Dad told me that he heard rumors of people finding giant morels locally (calhoun county) and said to be on the lookout while turkey hunting. Well yesterday he sent this pic of some my parents found near their home. 
Have you ever seen anything like this?


----------



## fishonjr (Feb 16, 2006)

Many of us find them year in and year out like that...


----------



## Chessieman (Dec 8, 2009)

fishonjr said:


> Many of us find them year in and year out like that...


 Yea, and better looking, we call them "stuffers". My personal biggest was 14" and I was not dreaming.


----------



## Paperboy 1 (Aug 7, 2008)

You're up early John!:yikes: By the looks of those morels, the season is done by Dad...
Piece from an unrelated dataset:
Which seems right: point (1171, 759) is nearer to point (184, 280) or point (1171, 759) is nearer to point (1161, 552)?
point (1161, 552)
Heading out to kill a turkey this morning and shrooms thereafter. Life is good.


----------



## Lumberman (Sep 27, 2010)

Some would argue those are red morels. Their own sub species.


----------



## laterilus (Mar 18, 2006)

Found 1 last year an inch or so taller than a standard roll of paper towel. But nothing this year yet.


----------



## barry county jim (Jan 16, 2004)

My daughter found this sunday. 12" tall And 12" around.


----------



## DanSS26 (Jul 10, 2008)

Holy friggen cow! I never knew they could get that big!!!!


----------



## RAD FISH (Oct 17, 2006)

barry county jim said:


> My daughter found this sunday. 12" tall And 12" around.



:: OMG its almost bigger than her head. You Know its been a good day shroom'n when you need a UTV with a pickup bed to carry back your morals because there so frig'n huge. Barry Co.?


----------



## Oldgrandman (Nov 16, 2004)

That just great! What a monster. I'd love to find one like that. A meal all by it's self!



barry county jim said:


> My daughter found this sunday. 12" tall And 12" around.


----------



## MAttt (Dec 15, 2004)

*http://www.michigan-sportsman.com/forum/picture.php?albumid=5390&pictureid=34358*

Awsome Jim!
Her smile says it all!


----------